Paul Simon - I Know What I Know
Despite having some influence of West African music on Haiku From Zero, it wasn’t because of that reason that Paul Simon’s Graceland album was an influence. I think for me that album has a real sense of someone who (after being through some of life’s journey) was looking back with nostalgia but also moments of regret at the events of their life. I think in some ways after 4 albums and over ten years touring and making music, I felt the same way and wanted to explore more of that in the songs on the new album. It probably feels a little more thoughtful that previous Cut Copy albums.
NO ZU - Raw Vis Vision
Three years ago, just before embarking the writing of our new album, I curated and released a complication of new Melbourne dance music called Oceans Apart. One of the standout tracks was by NO ZU; an ever expanding menagerie of musicians and misfits, who performed incredible energetic, percussive live shows. In so many ways their music felt out of step with current trends of music becoming more digital/laptop based, but this actually seemed to be a strength rather than a hindrance. And I think in some ways this same philosophy became the same for our own band in the making of Haiku From Zero.
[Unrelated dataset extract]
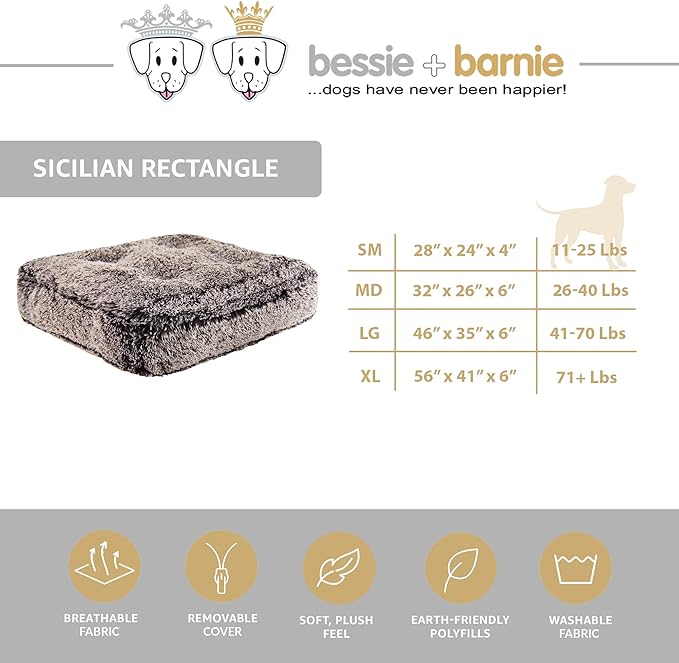Bessie and Barnie Frosted Willow Extra Plush Shag Faux Fur Luxury Sicilian Rectangle Pet/Dog Bed (Multiple Sizes)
Dynamic live performances, and live instruments are much rarer these days for dance acts, so we almost wanted to explore our points of difference and celebrate them rather than trying to fit in to the sound of the moment.
UMO - Can’t Keep Checking My Phone
Despite a lot of current music trends moving away from live bands and live instruments, there are a few (including Unknown Mortal Orchestra) that have been flying the flag brilliantly in recent times. I love how on his most recent album Multi Love, he has underpinned his home recorded psychedelic with an almost-disco-like rhythm section. Can’t keep checking my phone is a great example, filled with percussion wood blocks and shakers it’s as strange as it is danceable.
Jai Paul - Magic
Like a lot of people, I became a little obsessed with Jai Paul as someone who seemed to have come out of nowhere as a new artists already with such a perfectly formed, unique new take on music. While his songs sound very little like the songs on our album, I do really like the minimalism of his work. And the idea of having just a vocal and a couple of other key elements to drive a track was something that Ben Allen was really driving for in producing Haiku From Zero.